The question is about a MAC built from a block cipher, which we assume has a fixed-size block, and XOR of blocks. This implies that any IV(s) are the same size as a block, as in the drawing. Thus we must ignore everything about variable or random-size IV that popped in the question between it's revisions 4 and 5.
In a Message Authentication Code scheme, the same algorithm is used by sender to compute a bitstring called the MAC (or tag) from message and key, and by the verifier to recompute a MAC from received message and key (with the recomputed MAC compared to the received MAC to decide if the received message is accepted or not). Adversaries knowing everything of the method except Key(s), thus including IVs, and allowed to get examples of (Message, MAC) pairs possibly including for messages of their choice, are trying to make a (Message', MAC') pair with new Message' that passes verification, with probability sizably better than supplying a random MAC. Unless otherwise stated, messages are assumed to be variable size (though in the drawing, that size much be a multiple of the block size).
If either of IV and IV2 in the question's drawing are changed randomly at each message (as considered in some of the variants of the questions and comments), then the IV(s) that can change must be transmitted along the value labeled "Tag" in the drawing, or made part of the MAC (at the expense of not having quite the same algorithm for the verifier). Argument: without both IVs, the verifier would be unable to recompute the right "Tag". Therefore, we have to assume that adversaries, which already are assumed to be able to change the message and the MAC, are able to change the variable IV(s) too.
It's easy to show that in this case, a simple attack breaks the security of the MAC. The links in the question are about that. Specifically: with a random IV part of the MAC, given a single example of (Message, MAC) pair, it's possible to make another (Message', MAC') pair that passes verification, with Message ≠ Message'. When that attack is identified, it's easy to see that the addition of random IV2 (if part of the MAC) only worsen things.
Thus it's essential for security that both IV(s) in the drawing are fixed (or equivalently, transmitted by some channel secure against alteration; or determined from the message; but nothing in the question suggests either, so I won't consider these non-standard hypothesis any more). Further, the standard definition of a MAC scheme is with any IV that it might use fixed and public.
Assuming fixed and public IVs from now, here are a few things that can be shown:
- With removal of the block with Key 2 (or if Key 2 equals Key 1), and variable message size, there's a computationally easy attack on the MAC. The addition of an independent Key 2 (as in the drawing), or replacing the last block using Key 1 by one with Key 2 different from Key 1, or fixing the message size, or including the message size in the first message block, are four common methods to prevent that easy attack.
- In the drawing's configuration, there's a Meet-in-the-Middle attack recovering the $k$-bit MAC key formed by Key 1 ∥ Key 2 (each $k/2$-bit), with cost $\mathcal O(2^{k/2})$ block cipher evaluations and a lot of memory (with some time vs memory tradeoffs possible).

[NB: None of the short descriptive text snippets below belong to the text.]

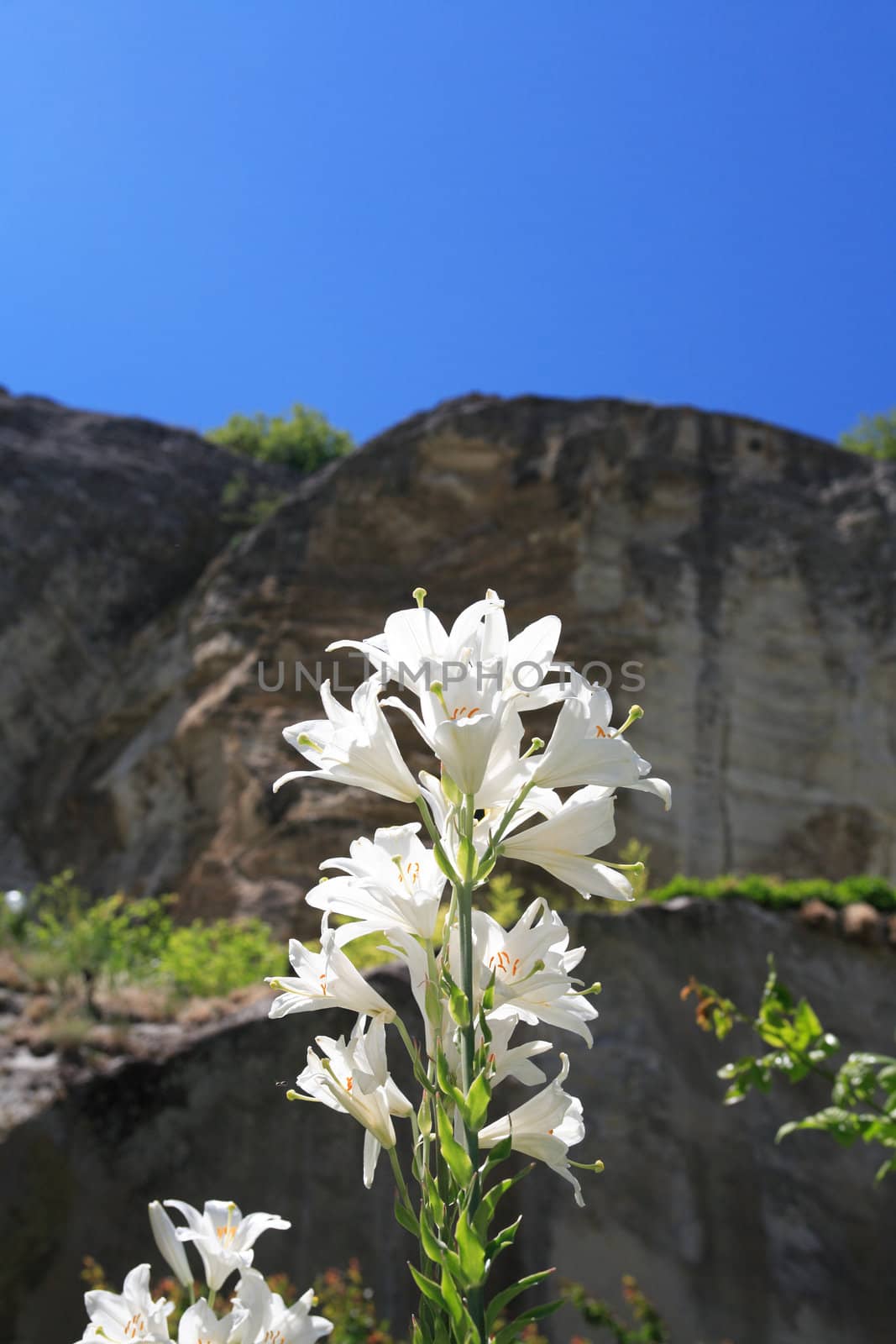 Landscape with beautiful white lily against mountain and blue sky 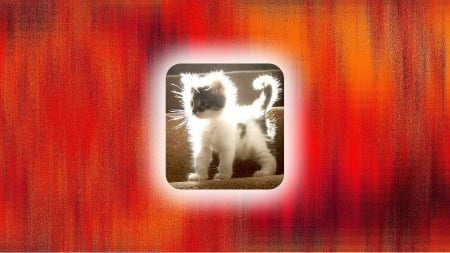 Aglow - feline, glowing, cat, kitten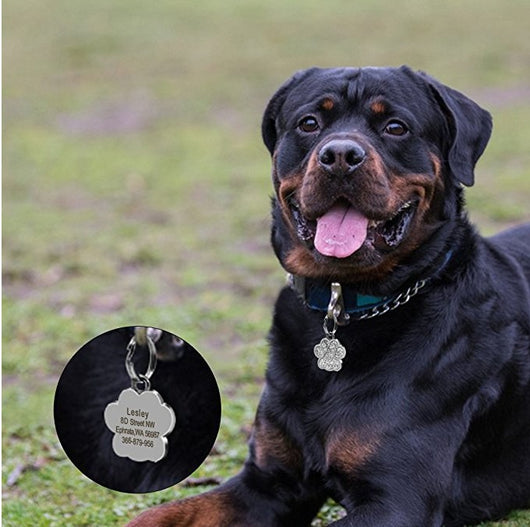 Huella de Perro - Identificador de Mascotas - Image 30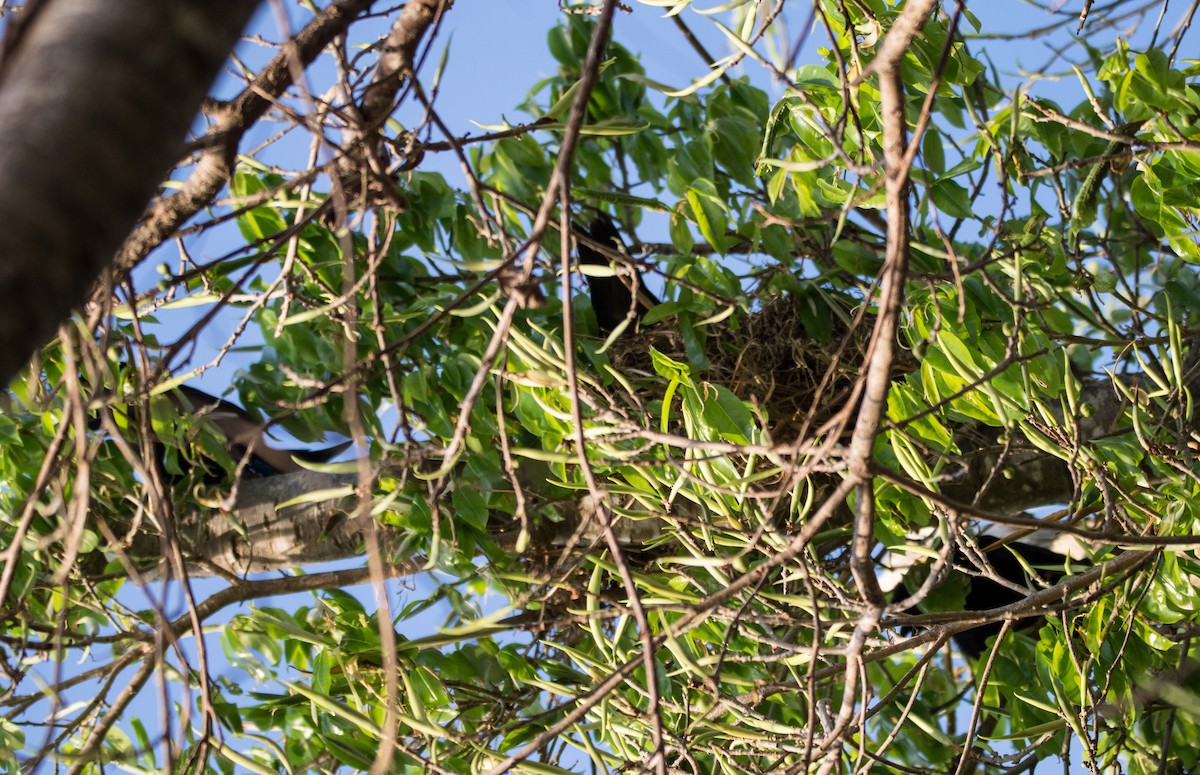 Brown Noddy - ML415318521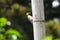 Red-crowned woodpecker on dry bamboo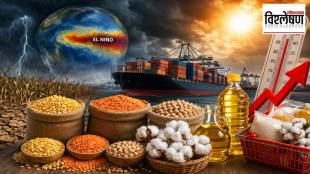 El Nino impact on India's agriculture weak monsoon affecting pulses edible oil and cotton production with rising imports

A common method to prevent that attack for most practical purposes is the addition of an additional block with Key 1 after the one with Key 2, as in Retail MAC (aka Enhanced Security DES MAC, rMAC, ISO/IEC 9797-1 MAC Algorithm 3).
- There's another attack requiring $\mathcal O(2^{b/2})$ queries to a device computing and disclosing the MAC given a message, where $b$ is the bit width of the block cipher; and $\mathcal O(2^{k/2})$ block cipher computations to recover Key 1 then Key 2. That attack can in practice be more efficient than MitM, if only because it uses much less memory. Also it works including with the aforementioned countermeasure against MitM. To prevent that attack we want to make it impossible that adversaries get any near $2^{b/2}$ MACs, by choosing a block cipher with large block size, or (including and) a block cipher with a large key (AES-128 leads to $b=128$ and $k=256$, which is fine in both regards for most applications); or, as a fallback, counting and limiting the MACs generated, or slowing MAC generation to the same effect.
For all attacks in that second part of the answer, the addition of one or two fixed public IVs chosen randomly does not help. I suggest to show that any attack that works against the scheme without IVs can be adapted to work against the scheme with IVs. That holds for IV and IV2 independently.
Combined with the fact that it's the IVs that allow attack in the first part, that's probably why the many variants of CBC-MAC generally do without IV at all, or use an all-zero IV.